The plane $Π_1$ has equation
$$r=i+2j+k+ \theta (2j-k) + \phi (3i+2j-2k) $$
Which is $$2x+3y+6z=14$$
The line $l$ has equation
$$r = 3i + 8j + 2k + t(4i + 6j + 5k)$$
The point on $l$ where $t = λ$ is denoted by P. Find the set of values of λ for which the perpendicular distance of P from $Π_1$ is not greater than 4.
This is a diagram I drew to picture this :
where $n=2i+3j+6k$
What I tried:
I thought of finding the critical value at which distance is 4
$$3i+8j+2k + \lambda (4i+6j+5k) + \frac {4}{u} (2i+3j+6k)=(i+2j+k)+ \theta (2j-k) + \phi (3i+2j-2k)$$
Where $u = \sqrt{(2^{2}+3^{2}+6^{2})}=7$
Which is very long method, and still didn't get right.
My book did a simple way, which I don't understand, Please help me understand how the book did it:
Book Method
Perpendicular distance, p, of P from l in terms of 1 parameter
$$p =\frac{1}{7}2(3+4λ)+3(8+6λ)+6(2+5λ)−14$$
$$= |4+8λ|$$
$$p\leq 4 \implies –1 \leq λ \leq 0$$
It seems to me that they have taken the plane equation and replaced 0 with p in:
$$2x+3y+6z-14=0$$
To:
$$2x+3y+6z-14=p$$
And then substituted the line onto this, but how can they do that. The line does not meet/on the plane to substitute into this formula. Please help. I don't understand.

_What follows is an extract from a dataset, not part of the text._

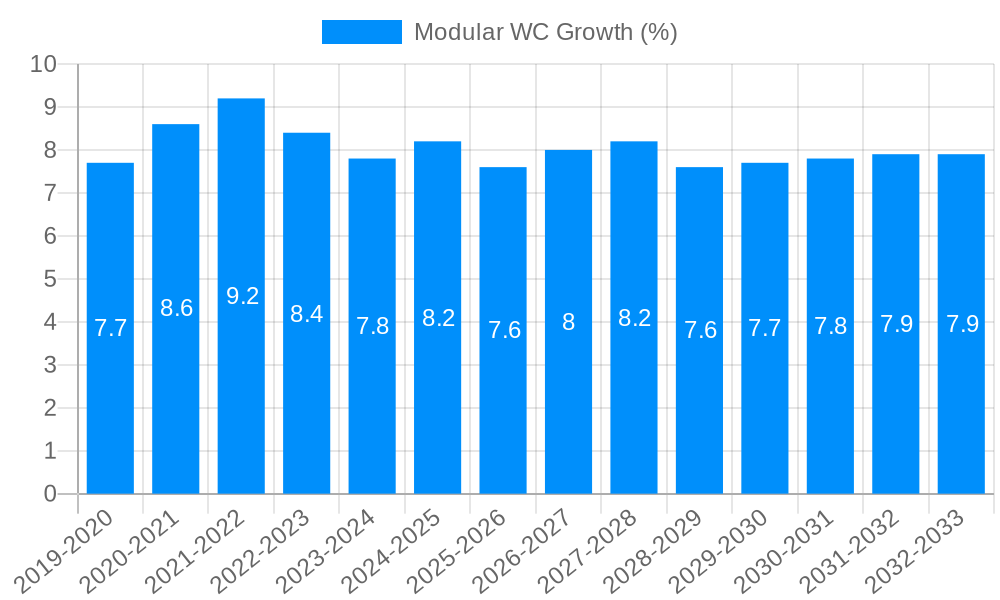 Modular WC Growth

If we let $P=(x_1,y_1,z_1)$, the distance from P to the plane is given by
$d=\left|\text{comp}_{\vec{n}}\vec{v}\right|$ where $\vec{v}$ is a vector from P to any point Q in the plane and $\vec{n}$ is a normal vector for the plane.
This gives $d=\displaystyle\frac{\left|2x_1+3y_1+6z_1-14\right|}{\sqrt{4+9+36}}=\frac{\left|2(3+4\lambda)+3(8+6\lambda)+6(2+5\lambda)-14\right|}{7}$
$\hspace{.78 in}\displaystyle=\frac{\left|28+56\lambda\right|}{7}=\left|4+8\lambda\right|=4\left|1+2\lambda\right|$.